Monday, April 29, 2013
Antony and the Johnsons: I Am a Bird Now (2005)
I first saw Antony Hegarty in the hot-and-cold Leonard Cohen tribute concert film I'm Your Man and initially was thrown in the best way by his delicately wavering voice and then, when he reached the emotional climax of "If It Be Your Will" and approached it with the high drama of a grand spiritual, dredging something up from the absolute depths of himself, I was sold -- if nothing else, then on his skill as a performer, a sort of hybrid between Aretha Franklin and Bryan Ferry. On finally, years and years later, giving my full attention to his band's signature album, I'm happy to discover plenty more of that same full-bodied singing, which is unmistakably committed and pretty immediately affecting, but unfortunately interrupted a little too often for my tastes.
"Soul" is not the most frequent association we make with modern indie rock; its layers of irony and detachment more often than not prevent such a reading, and when an artist comes across something like sincerity it's seldom in an aesthetic manner comparable to the nearly-indisputably higher, more universal performance art in R&B. Hegarty can't stand up to the giants in the older field but it's truly admirable to hear him try -- and he has an operatic, expressive voice that for a certain contingent of listeners is bound to recall Jimmy Somerville of Bronski Beat and the Communards, high praise indeed. He fits best with something like the romantic hopelessness of hushed, intimate opener "Hope There's Someone," a song that sounds as though it's existed for centuries and is merely being interpreted -- underlined by the urgency of Hegarty's transcendentally lovely piano solo. That dramatic closeness is stronger yet on "My Lady Story," a sort of Gregorian chant as reimagined by Aaron Neville -- a remarkable song, brilliantly arranged, but held together by his tremendous voice.
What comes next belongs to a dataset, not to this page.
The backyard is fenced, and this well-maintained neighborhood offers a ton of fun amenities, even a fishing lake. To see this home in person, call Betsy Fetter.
After that, Hegarty unfortunately often lets guests take center stage, and he's got a slew of them: Boy George sings one cut, Devandra Banhart another, and these are his heroes and it's moving to hear him put words and music in their mouths. But it feels as if Hegarty is best when it's just him and the band and little clutter beyond, especially when his thematic fixations of gender identity are so crucial to his lyrics; only Rufus Wainwright really sounds at home on one of Hegarty's songs, believably channeling Sarah Vaughan on the melancholic "What Can I Do?". Without Hegarty's focused and wrapped-around-the-heart voice, you're somewhat overwhelmed by the florid pretensions of his compositions -- which are sometimes great and sometimes dull and always better when he's selling them directly to us, but even at that, the endless parade of lyrical trickery that follows "one day I'll grow up / I'll be a beautiful woman" with the same line only "beautiful girl" and then concludes "for today I am a boy" and some time later, adds "bird girls can fly" grows... tiresome, all fitted to such nebulous song titles as "Man Is the Baby" and "You Are My Sister." You feel at times as if you're meant more to analyze and nod your head at this music than enjoy it.
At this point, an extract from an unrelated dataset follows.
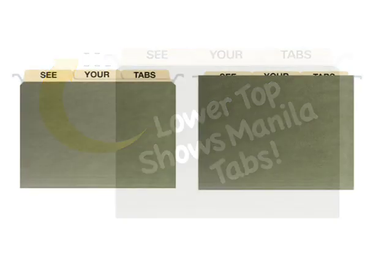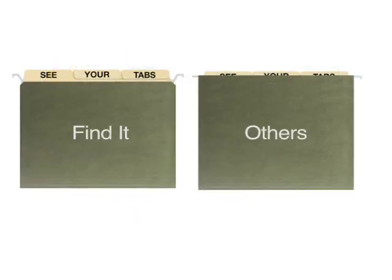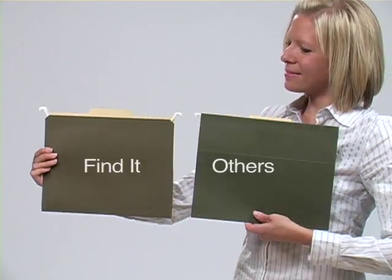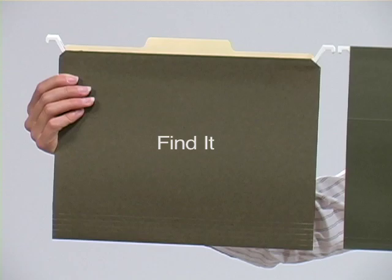You can find files fast now that you can see the tabs. This revolutionary patented design lowers the top rail of the hanging file folder so that the tabs of your manila folder are completely visible.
All that ends up meaning, though, is that the record is extremely frontloaded, with its great joys limited largely to the first two cuts and the climax, "Fistful of Love," which features an awkward Lou Reed introduction then slides into a gloriously minimalistic slowjam not dissimilar to Reed chestnuts like "Coney Island Baby" and "Temporary Thing" but all the more nakedly emotive; Reed's one of our most brilliant singers, but he couldn't have put across anything like the gradual build to the moment when Hegarty seems to be transmitting his lost mind and lifted spirit into the wires of his microphone. As he slips away, as the horns go with him, so do we -- and you can't blame the record for failing to live up to that afterward. There are yet to come the Freddy Mercuryisms of "Find the Rhythm of Your Love" which will delight many, but as soon as the record's over I went back and listened to "Fistful of Love" twice more. And as soon as I post this, I will go and listen to it again. That, for now, is Hegarty's legacy for me.